Larry Korver

Biographical details
- Born: February 27, 1936 (age 90) Orange City, Iowa, U.S.

Playing career

Football
- 1952–1953: Northwestern (IA)
- 1954–1955: South Dakota State

Basketball
- 1955–1956: South Dakota State
- Position: Halfback (football)

Coaching career (HC unless noted)

Football
- c. 1957: Walnut Grove HS (MN)
- 1960–1961: Maurice-Orange City HS (IA) (assistant)
- 1962–1966: Luverne HS (MN)
- 1967–1994: Northwestern (IA)

Head coaching record
- Overall: 212–77–6 (college)
- Tournaments: 15–9 (NAIA D-II playoffs)

Accomplishments and honors

Championships
- 2 NAIA Division II National (1973, 1983) 10 Tri-State (1971–1980) 1 Tri-State Athletic (1988) 1 Nebraska-Iowa (1994)

Awards
- NAIA Coach of the Year (1973) NAIA Division II Coach of the Year (1985) NAIA Hall of Fame (1990)
- College Football Hall of Fame Inducted in 2025 (profile)

= Larry Korver =

American football coach (born 1936)

Lawrence "Bubb" Korver (born February 27, 1936) is a retired American football coach.
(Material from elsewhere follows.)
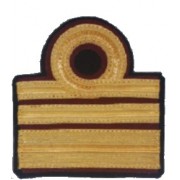 Gradi (paio) per uniforme ordinaria invernale (O.I.) per direttore di macchina (Navi di oltre 20.000 tsl) Gradi (paio) per uniforme ordinaria invernale (O.I.) per direttore di macchina (Navi di oltre 20.000 tsl)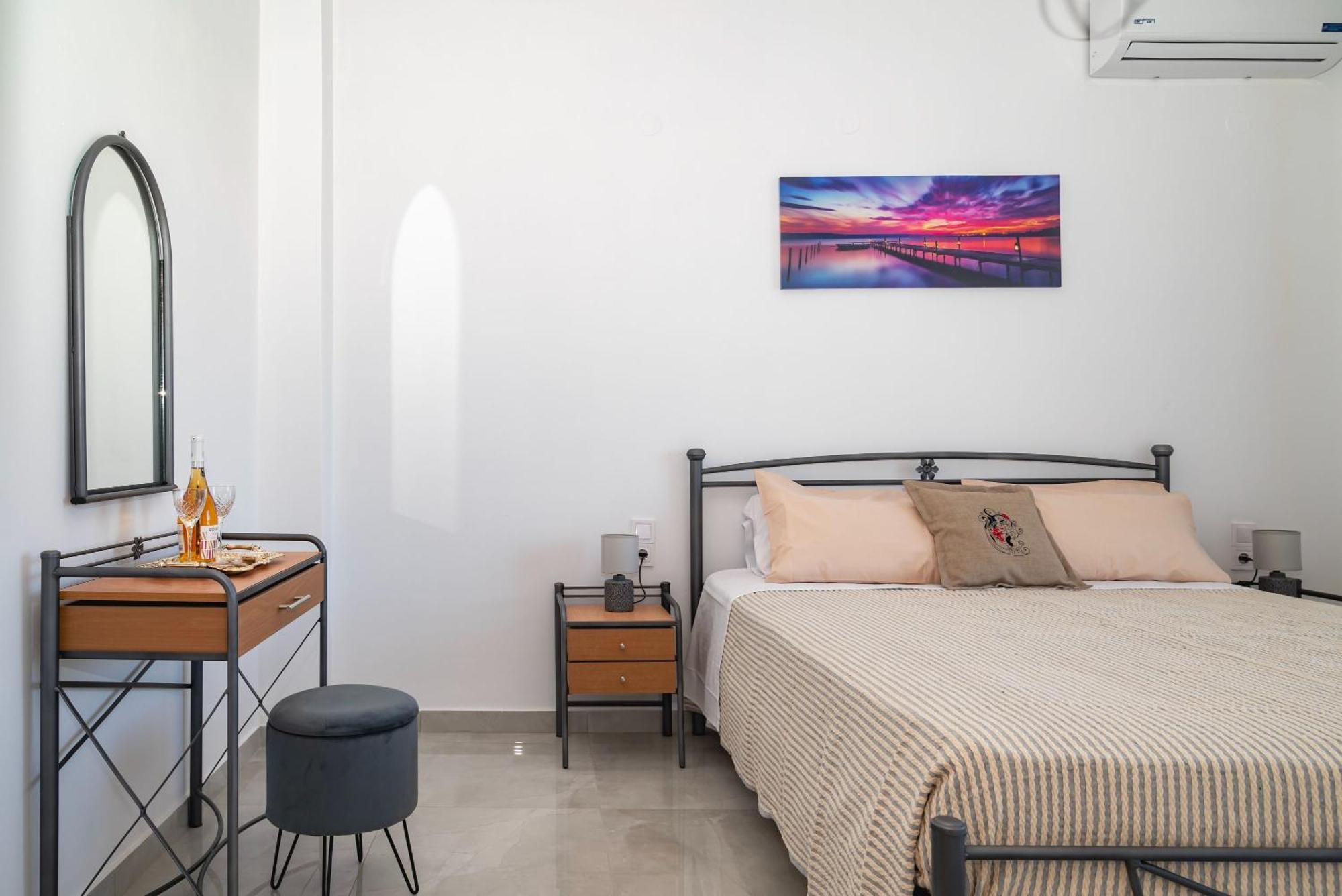 Irene Cozy Apartment In Kremasti Ngoại thất bức ảnh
He served as the head coach at Northwestern College in Orange City, Iowa from 1967 to 1994, compiling a record of 212–77–6. Korver led Northwestern to two NAIA Division II Football National Championships, in 1973 and 1983. He was inducted into the NAIA Hall of Fame in 1990. He was inducted into the College Football Hall of Fame in 2025.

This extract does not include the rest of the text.